Some years ago a Head of ICT showed me the work one of his students had done. He thought it was wonderful, and expected me to share n his delight. Well, this so-called “work” was an animated video which the student had produced by moving a toy figure bit by bit and filming it with a pocket camcorder. Actually, it wasn’t bad at all for a five year old. Unfortunately, the student was twice that age. There was no discernible story line, and no discernible skill, that I’d expect from a student his age. You should know enough about programming and the other aspects of the Computing Programme of Study (IT, Digital Literacy, e-Safety) to be able to judge whether a piece of work is of a standard that you’d expect to see.

3. What has the student learnt or achieved in terms of the aims and objectives of the Computing curriculum?

A student may have learnt X, but if X isn’t part of the curriculum, then you may have a bit of a problem. After one lesson I’d observed, I asked the teacher why he’d wasted virtually all of the students’ lesson time by having them type data into a spreadsheet, when the lesson was supposed to be on modelling.

“Well”, he said, “I thought it would be good for them to practice their keyboarding skills.”

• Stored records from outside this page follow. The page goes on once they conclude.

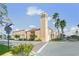 Commercial property with a unique bell tower, complemented by palm trees and beautiful landscaping at 746 Eagle Point Dr, Venice, FL 34285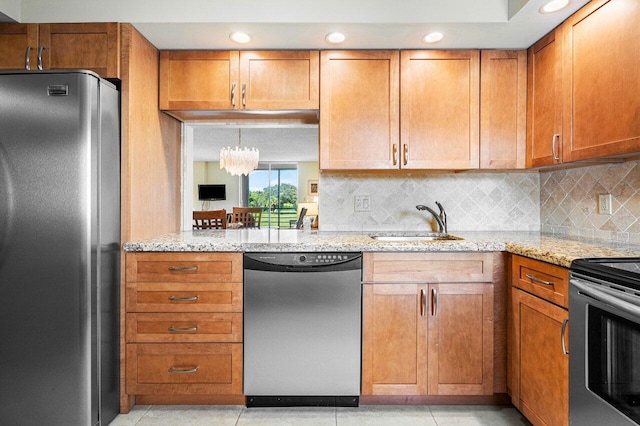 kitchen featuring light stone counters, stainless steel appliances, sink, light tile patterned flooring, and decorative backsplash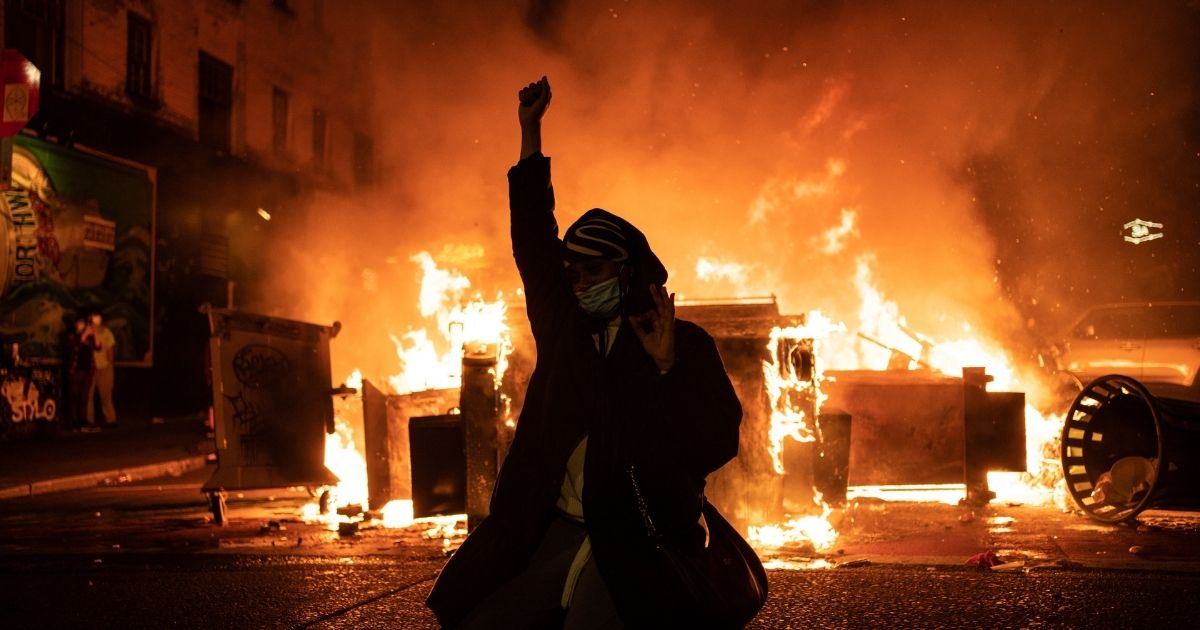 SEATTLE, WA - JUNE 08: A demonstrator raises their fist as a fire burns in the street after clashes with law enforcement near the Seattle Police Departments East Precinct shortly after midnight on June 8, 2020 in Seattle, Washington. Earlier in the evening, a suspect drove into the crowd of protesters and shot one person, which happened after a day of peaceful protests across the city. Later, police and protesters clashed violently during ongoing Black Lives Matter demonstrations following the death of George Floyd.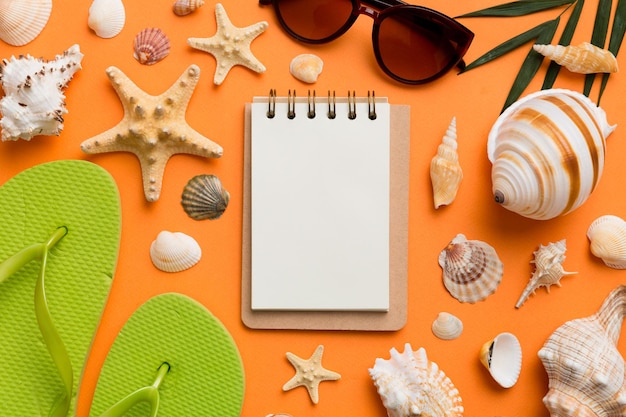 Blank writing book with summer beach accessories on background copy space Flat lay with copy space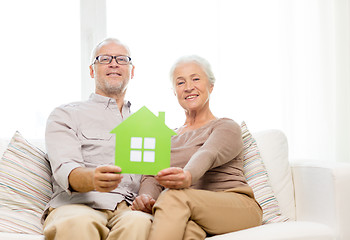 Image showing happy senior couple hugging on sofa at home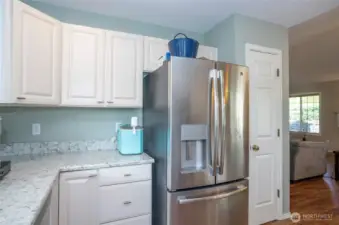 Abundant counter space complements the kitchen’s functional layout.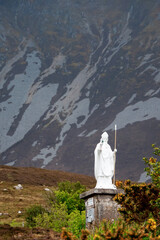 White statue of Saint Patrick holding green shamrock at the start of foot path to the peak of...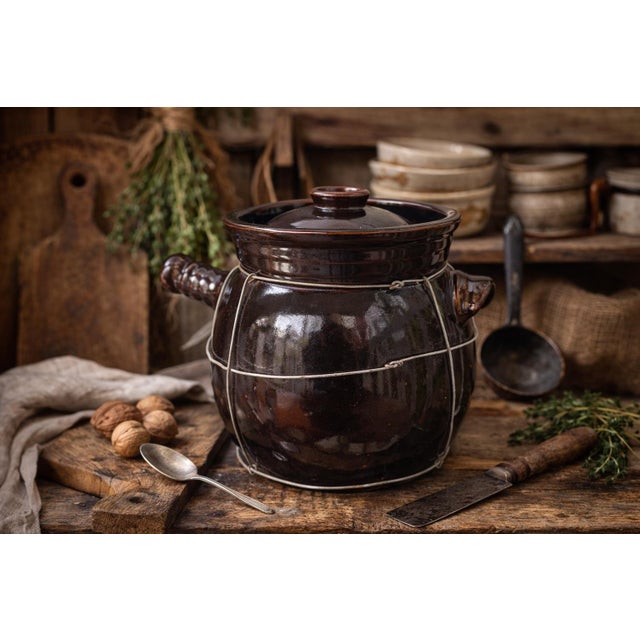 This is an authentic vintage stoneware bean pot featuring a rich dark brown glaze with subtle reddish undertones, complete...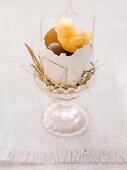 An Easter nest in an eggcup with sweets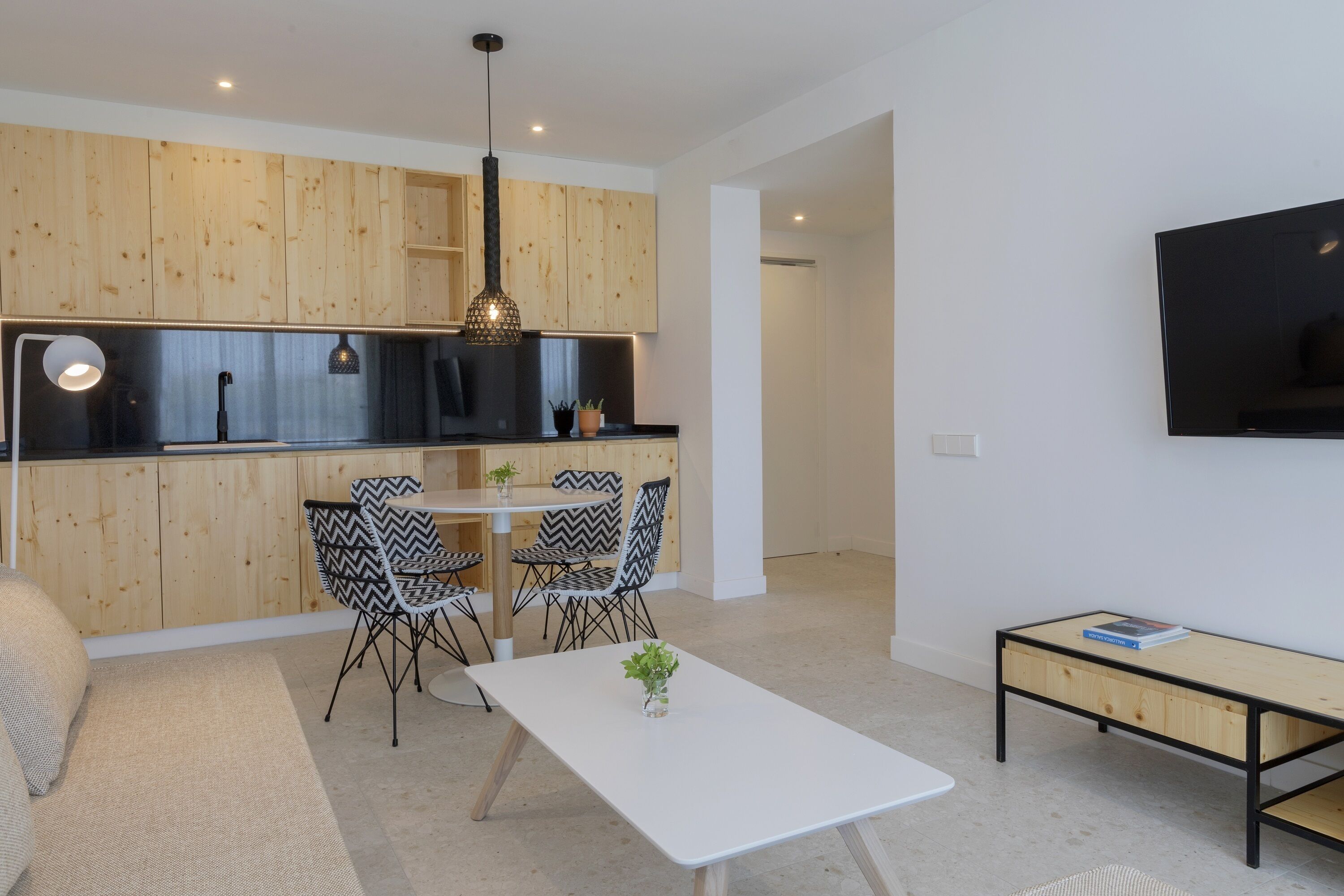 A modern kitchen with wooden cabinets, a dining area with two chairs, a white table, and a TV mounted on the wall.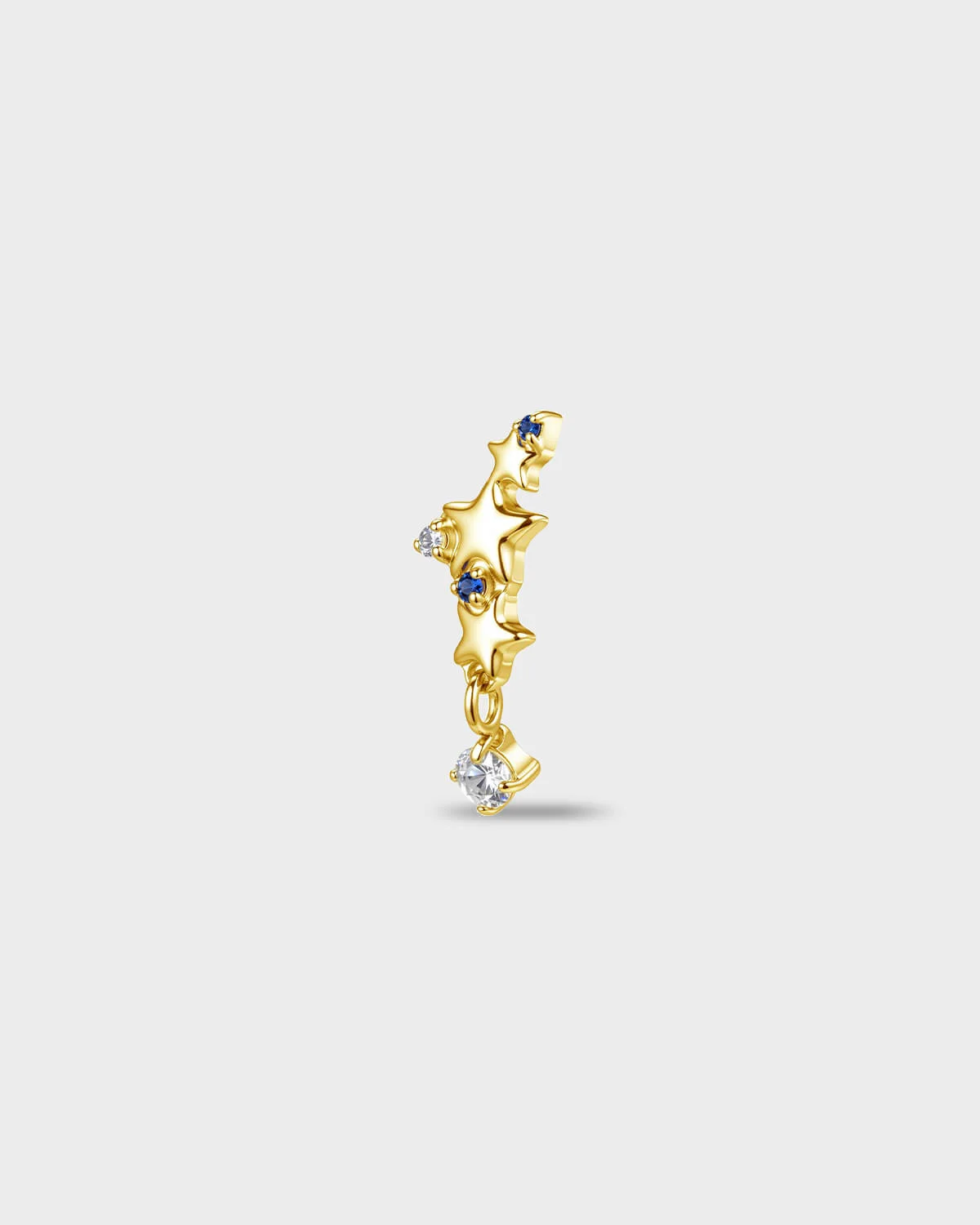 Gold titanium earring with a row of star shapes set with blue and clear round-cut stones, finished with a short dangle and a clear round-cut stone, on a light gray background.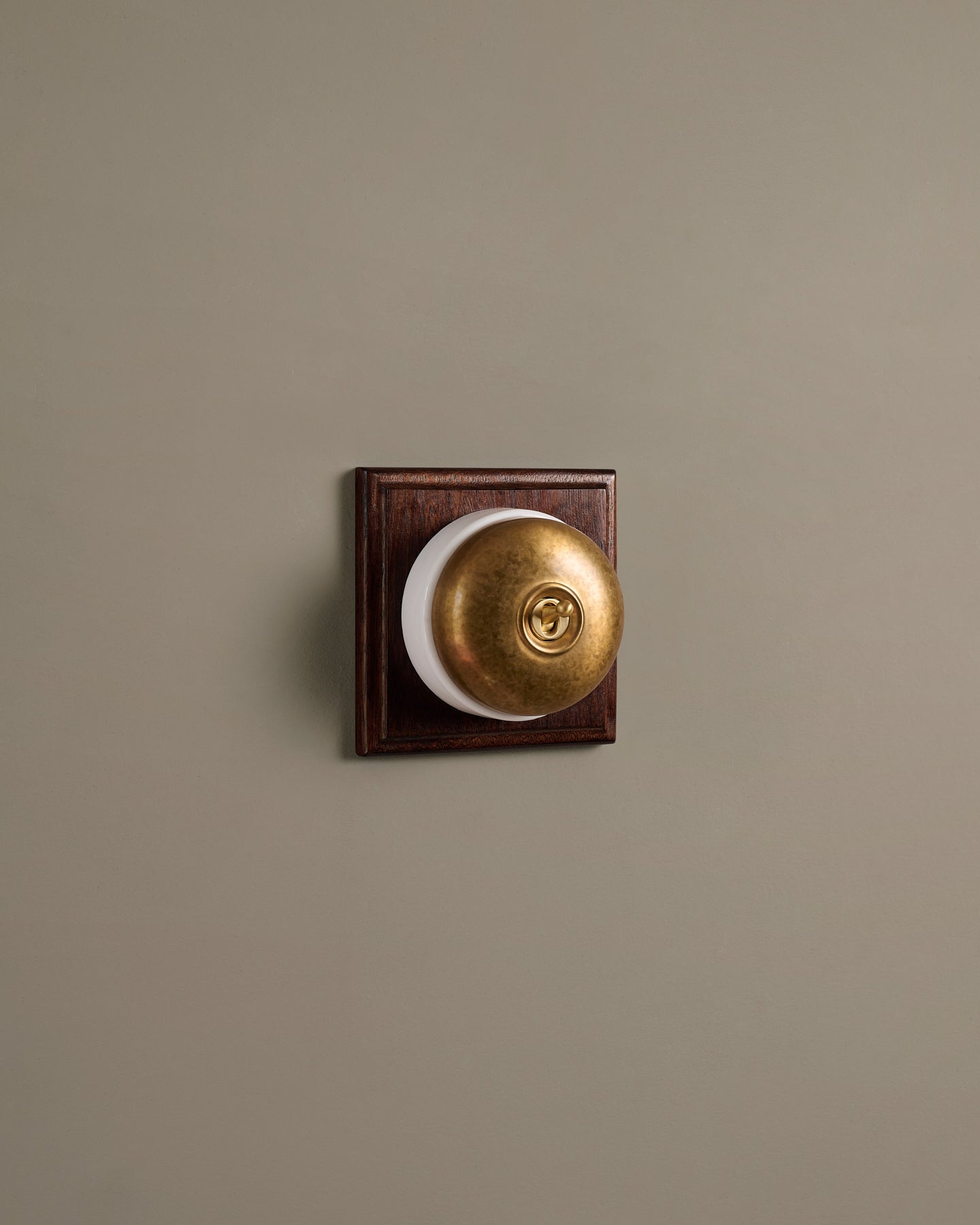 The Dolly Toggle Switch (1 Gang & Mahogany Finish Pattress) - Aged Brass with White Base.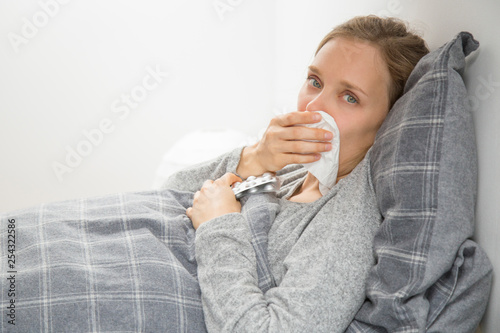 Upset young woman catching cold and feeling terrible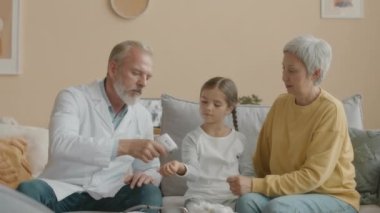 Orta boy beyaz erkek doktor, annesiyle birlikte küçük Asyalı kızın sıcaklığını ölçerken temas kurulamayan kızılötesi termometre kullanıyor.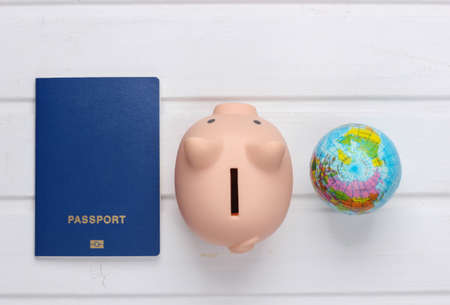 Travel or emigration. Passport with piggy bank, globe on white wooden background. Top view. Flat layの写真素材
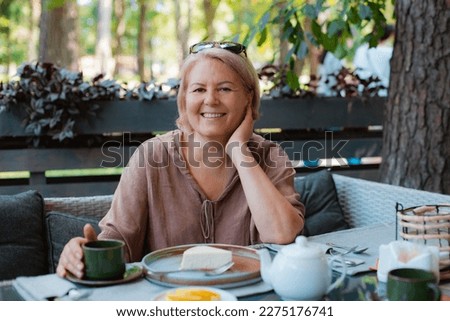 One smiling elegant well-groomed elderly senior woman cup of tea or coffee drink summer cafe breakfast. Lifestyle and recreation of a retired tourist in the city. 50-60 years old age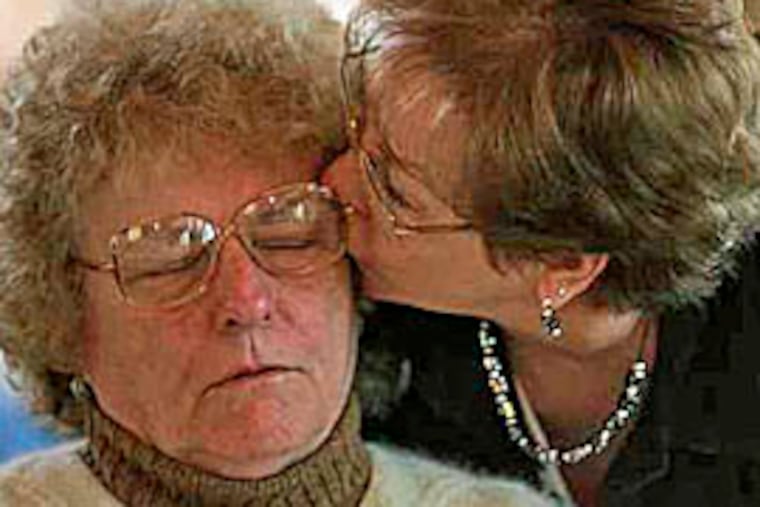 Dorothy Smith, the mother of church shooting victim Rhonda Smith, receives a kiss from Judy Zellner. Police found Rhonda Smith dead inside a Bucks County church. (Michael Perez/Inquirer)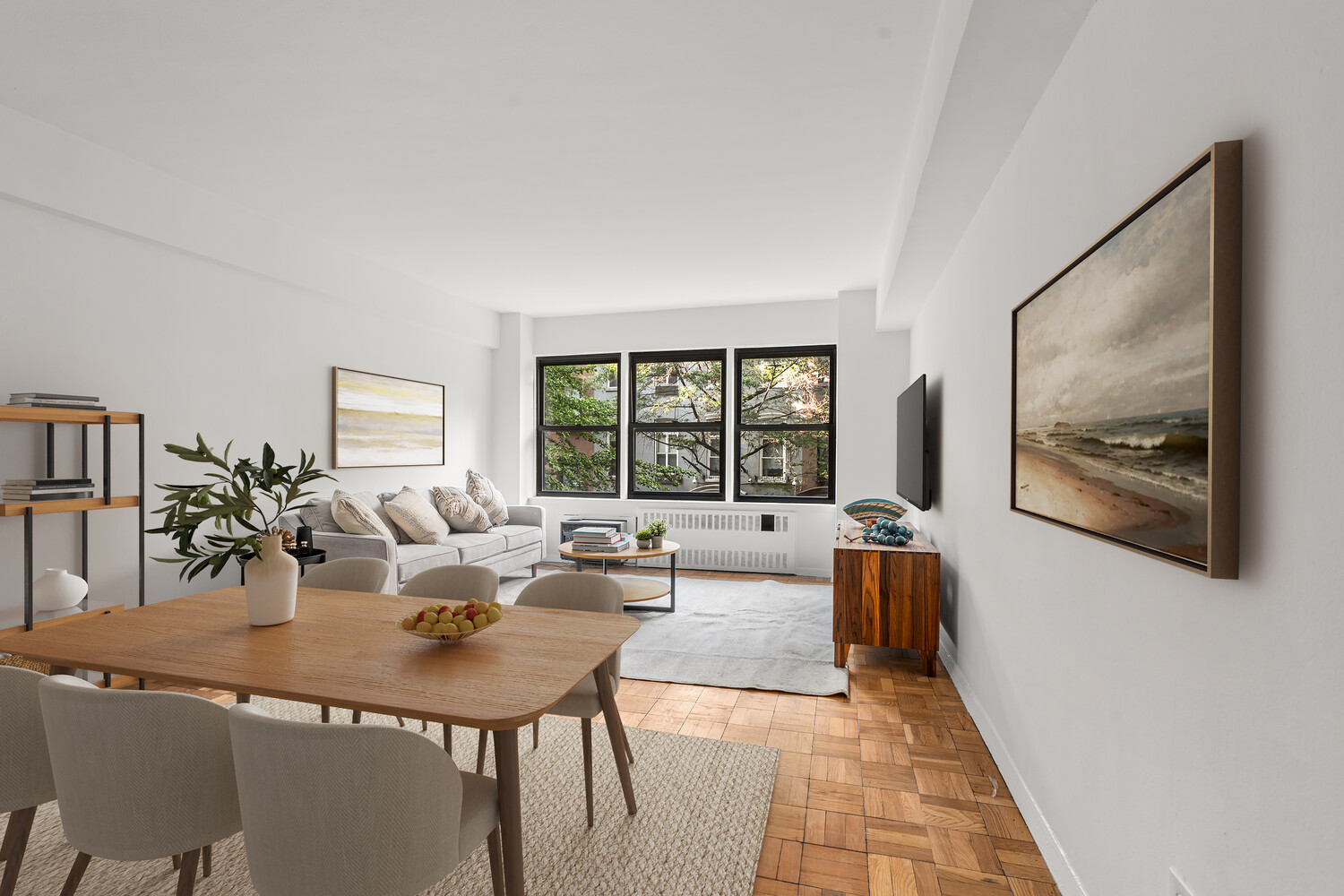 120 East 36th Street, Unit 3F Manhattan, NY 10016 - Photo 1 of 7 a living room with furniture and a large window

“Fine”, I replied, “Except that keyboarding skills are not part of the curriculum, and neither was practising them the stated aim of your lesson.”

Maybe X (keyboarding skills or whatever) are absolutely vital. But if X is not part of the Computing curriculum, then why are you teaching it? You may be able to make a good case, because not everything that needs to be taught is in a curriculum of course. All I’m saying is that this sort of thing should be explicit, otherwise you end up teaching stuff, and the students end up learning stuff, without anyone quite knowing why.

4. Is the student able to say how his/her solution (see #1) can be improved?

Very important this. Even the youngest pupil ought to be able to say how whatever they have done could be improved. If, for example, a child has “told” a programmable toy to go forward a certain distance, but that distance turned out to be too much or too little as far as where they were aiming for was concerned, the child should at least be able to recognise that. Hopefully, they will then be able to start to figure out what to do about it.

5. How much of the work did the student actually do?

That brings me on to a crucial point: how much of the work did the student do individually? We are constantly being told that students must collaborate, because working in a team is a “21st century skill”. But so is being able to work things out on your own, just like most of us do most of the time in our everyday lives. Besides, how do you even begin to work out an individual student’s contribution when the work has been done through a team effort? It ain’t easy.